Uncertainly looms as Motshekga consistently fumbles
2 June 2020
The unions said this is a time to show solidarity with the plight of other provinces, and sympathy with the plight of thousands of teachers and children across the country. The unions have called on Motshekga to meet teacher unions and governing body associations on 11 June for "genuine assessment and engagement" about the readiness of the system.
“If we follow the protocols and maintain all precautions, we will effectively minimize the risk posed by the coronavirus.” There are the words of President Cyril Ramaphosa, who has urged schools to not reopen until all the necessary precautions are in place. This comes after the return to school for Grades 7 and 12 has been delayed by another week. President Ramaphosa has assured parents that government and all stakeholders are doing all they can to ensure their children’s safety. Teacher unions have called on schools not to reopen amid the chaos caused by government's last-minute 7 day postponement. “We have heard them, we welcome their contributions and are taking steps to address their concerns as well as proposals.” the President stated. Basic Education Minister Angie Motshekga was expected to address the nation on Sunday evening, and has been heavily criticized for her apparent inability to maintain a sense of order in her department, and with the confusing myriad of conflicting statements made. The Council of Education Ministers (CEM) was concerned that, in some provinces, personal protective equipment (PPE) for pupils had not been received and some schools had not been made ready for their return. Despite Motshekga claiming otherwise, school governing bodies and unions believe it is not in the best interest of children and teachers to return to school while there is uncertainty about health and safety.

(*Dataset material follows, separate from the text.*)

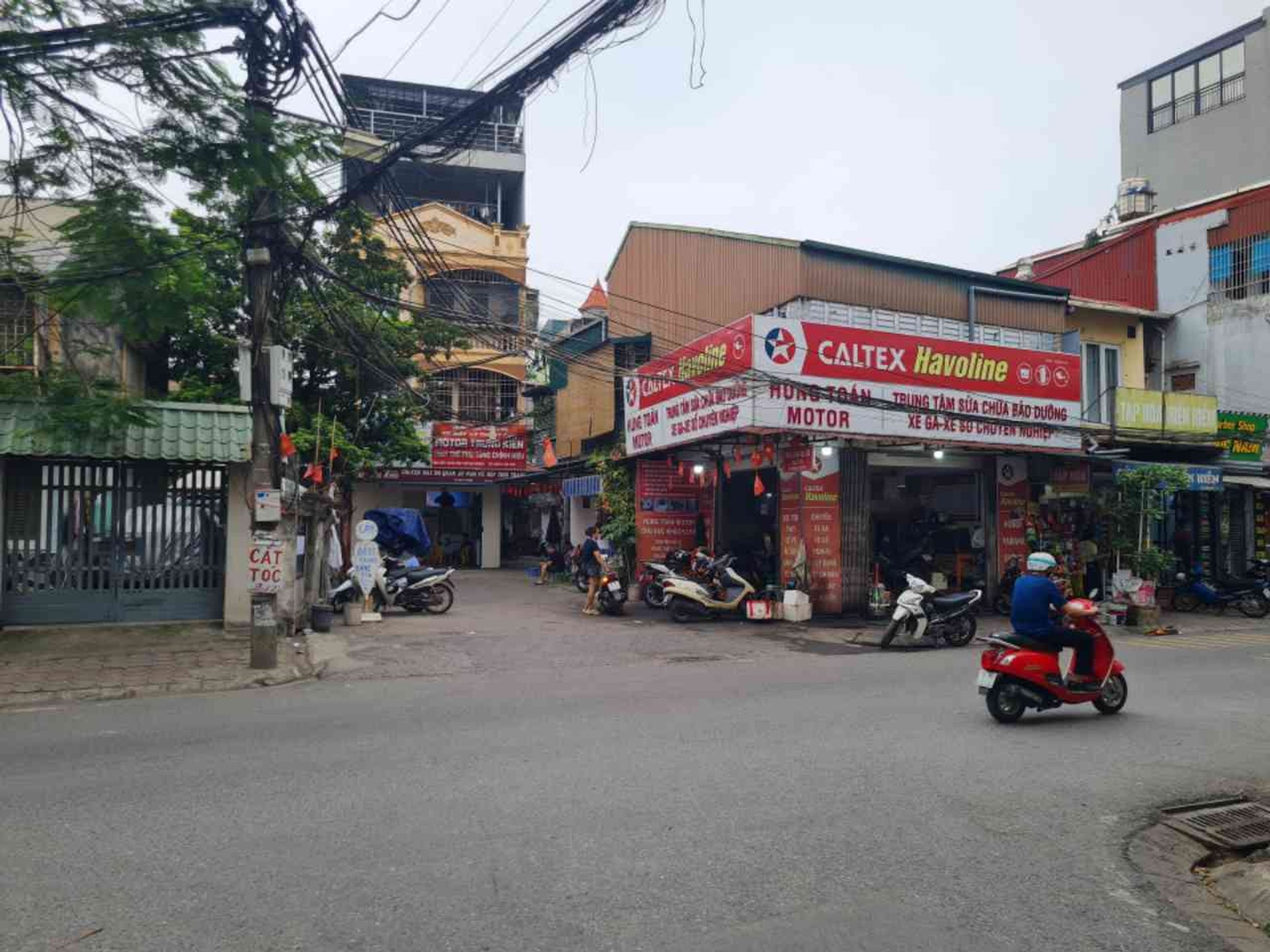 Bán nhà Mai Động - diện tích 38m2 2 tầng - ngõ thông gần ô tô - giá 5,15 tỷ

“The response never came through until the statement which was released after two cancellations of the media briefing, and despite an undertaking in the meeting by the minister on behalf of the CEM. The teacher unions were vindicated by the independent monitoring consortium led by the National Education Collaboration Trust (NECT) that the system wasn't ready for the reopening of the schools for learners in Grade 7 and 12 on 1 June 2020. The minister asked for time to consult her colleagues, and committed to respond on 31 May, which she did not honour. This is a betrayal of trust, and does not bode well for the credibility of the education system. We want to put on record that the date of 8 June was never mentioned in the meeting, because the focus was readying the system and ensuring that all the provinces comply with the 12 non-negotiables,” unions NAPTOSA, PEU, NATU, SADTU and the SAOU collectively stated. The unions alleges that the Department of Basic Education is "obsessed with dates and ignoring the evidence of provincial readiness.

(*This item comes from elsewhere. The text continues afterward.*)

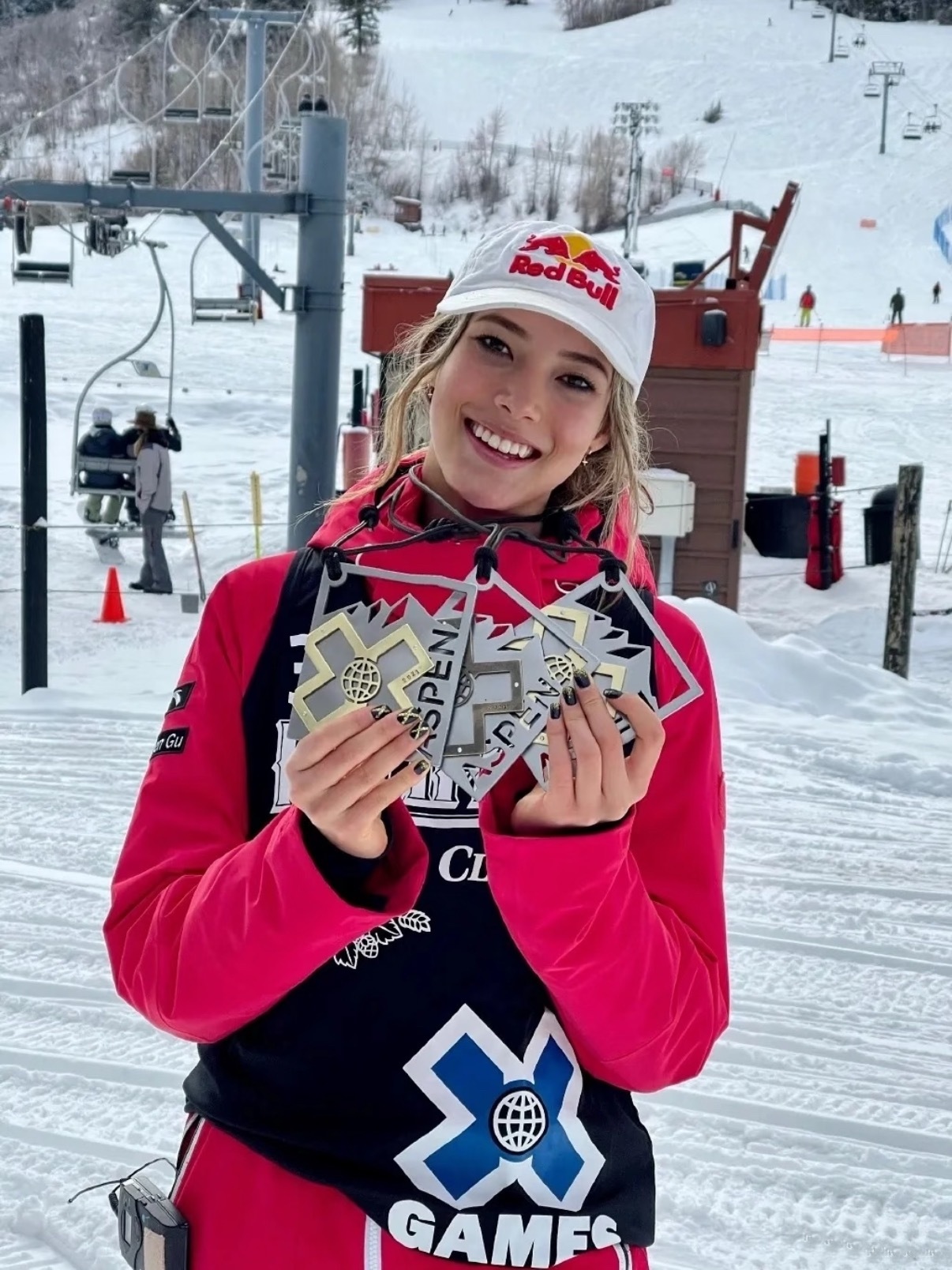 斯坦福同学说谷爱凌从未缺交作业缺课是去巴黎时装周，论文在飞机和化妆间赶完。选修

The lack of appreciation for evidence can only be characterized as irresponsible and negligent,” they echoed. The unions said this is a time to show solidarity with the plight of other provinces, and sympathy with the plight of thousands of teachers and children across the country. The unions have called on Motshekga to meet teacher unions and governing body associations on 11 June for "genuine assessment and engagement" about the readiness of the system. The proposed date for re-opening is now 8 June 2020, but is subject to change at any time.